On what is described as the next step on Facebook Reality Labs' development of Project Aria and augmented reality glasses, Facebook is expected to launch smart glasses in 2021, which are expected to be similar to Snapchat's Spectacles, which were released in 2016 and were a failure. The company has provided little detail with the smart glasses capabilities, except to say they will not have a display. The device is being developed in partnership with Luxottica and is expected to carry Ray-Ban branding. Facebook has said the finished AR products will have a functioning display.

The partnership is to develop an Augmented Reality Developer Challenge aimed at creating AR applications and services and developing smart communities. The challenge includes community-driven competition focused on problems in healthcare, education, and workforce development. The award offers $20,000 in cash and community support towards a total investment in $40,000.

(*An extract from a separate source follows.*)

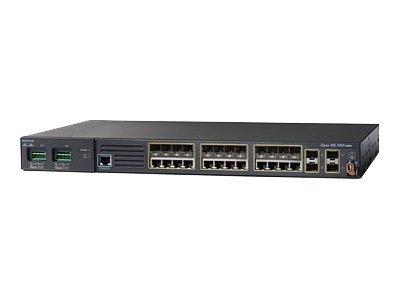 Commutateur Cisco ME-3400G-12CS-D ME-3400G-12CS-D by Cisco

Facebook Reality Labs is also developing the interface necessary for AR glasses. Part of developing the user experience interface for AR systems is developed through Facebook's Oculus virtual reality systems. In these systems, Facebook Reality Labs can develop data sets from user input data and preferences. This can include preferred input methods, preferred menu types, and how users interact with their surroundings while using VR systems. This data helps a VR headset identify a wearer and identify them similar to a fingerprint. These wearer "fingerprints" can be applied to developing an adaptive and intuitive AR interface. The interface is built on two pillars:

The first pillar is ultra-low friction input, which works to create an intuitive and short path from thought to action. Developed through hand gestures or voice commands selected from a menu, actions are enabled through hand-tracking cameras, a microphone array, and eye-tracking technology. Further developments are focused on developing a natural, unobtrusive way of controlling AR glasses, and to do this Facebook Reality Labs has explored electromyography wearables that use electrical signals from the spinal cord to the hand to control the device and create frictionless input.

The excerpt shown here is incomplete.